It is all too easy to look back at how the Global Financial Crisis unfolded and, with the benefit of hindsight, see where the vulnerabilities in the global economy were that resulted in the Crisis and the subsequent Great Recession.

That being said, it’s hardly the case that we were completely unaware of the pressure points in the lead up to the Crisis. There was certainly commentary on global imbalances—reflecting factors such as the inevitabilities of global demographic changes and a ‘re-emerging’ Asia resuming its place as an economic powerhouse—as well as discussion about the macroeconomic and structural policy choices facing key economies. Some of these issues were very much in the G20 agenda in the early-to-mid 2000s – for example demography, which was a key issue when Australia last hosted the G20 in 2006, back prior to the participation of Leaders in the G20 process.

While there was awareness of pressure points and vulnerabilities, even the emergence of key systemic risks, the so-called Great Moderation largely lulled investors — and many policymakers alike — into thinking that volatility would remain low, spurring a search for yield and higher leverage. This is a pattern we’ve seen in periods preceding other financial crises, and indeed some of these risk characteristics are evident now (albeit not involving leverage).

While the risks and vulnerabilities were perhaps clearer at the macro level, what remained obscured was how the search for yield was being intermediated. There were clear cases of mispricing of risks, with the US housing boom the prime example.

But it was not merely the existence of asset-price bubbles in the lead up to the Crisis that was the sole source of the problem.

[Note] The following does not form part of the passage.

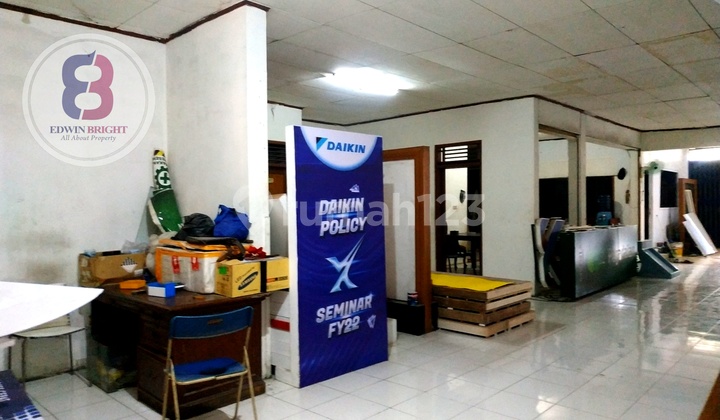 Ruang usaha bengkel mobil di Cipadu Tangerang Selatan 5
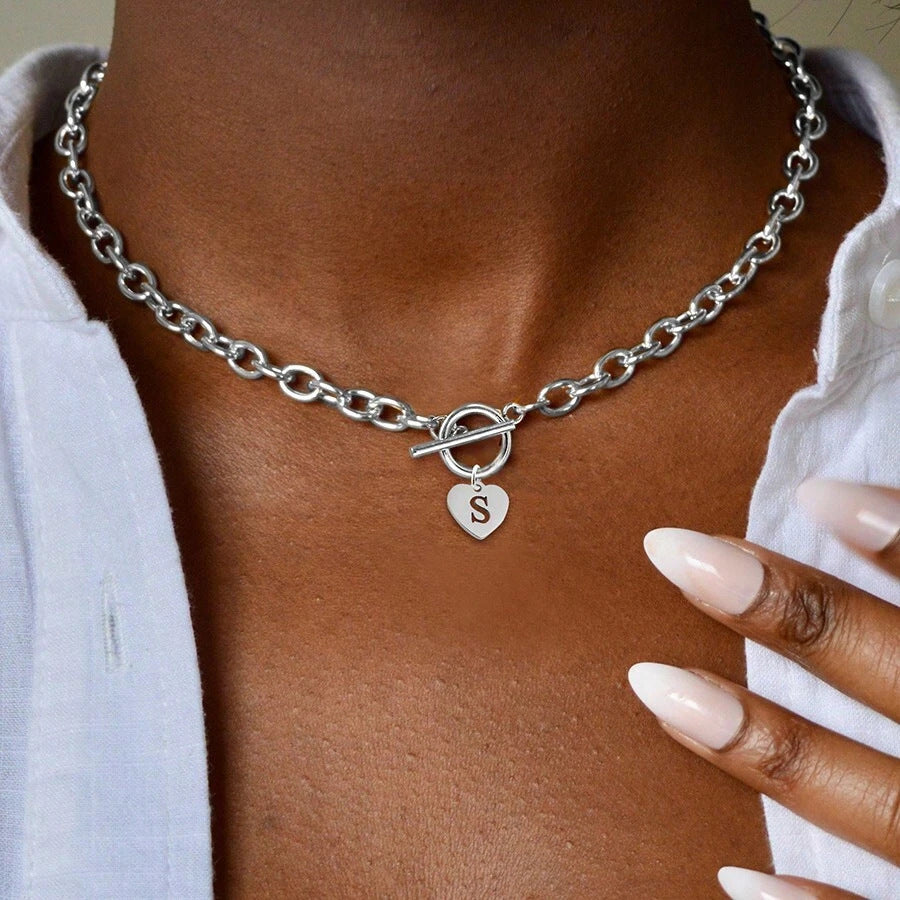 Minimalist Letter-Shaped Stainless Steel Pendant Necklace with Polished Hollow Heart Design for Unisex Daily Wear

Accurate assessment of the real risks from these bubbles was made vastly more complicated by the increasingly complex and often opaque inter-linkages between the macroeconomy and the financial sector. The complexity of financial instruments also contributed, as a situation evolved where investors did not fully understand the nature of the instruments they were buying and selling, despite devouring them whole.5 As some of these instruments had direct ties to the real economy, there was a fundamental misunderstanding of the risks that had built up between the real economy and the financial sector.

The increasingly obscure linkages between the real and financial world made the nature and sustainability of growth somewhat ambiguous.

The fruits of this complacency can be seen in a number of structural weaknesses in the fiscal and structural policy settings of some of the world’s major economies during the 2000s. For example, with a few notable exceptions such as Germany, countries within the euro area were content to simply discuss structural reform during the good times, and do little to safeguard fiscal sustainability. Similarly in the United States, despite the jobless recovery of the 2000-01 recession, the wider economy performed comparatively well, breeding a degree of lassitude in policymakers’ willingness to tackle fiscal sustainability issues – something that to various extents is also true of other Anglophone economies.

Arguably, many emerging economies were in better shape in the lead up to the Global Financial Crisis, not least because their own crisis experiences during the 1990s induced difficult reforms. But even in many of these economies, reforms necessary for rebalancing growth were avoided.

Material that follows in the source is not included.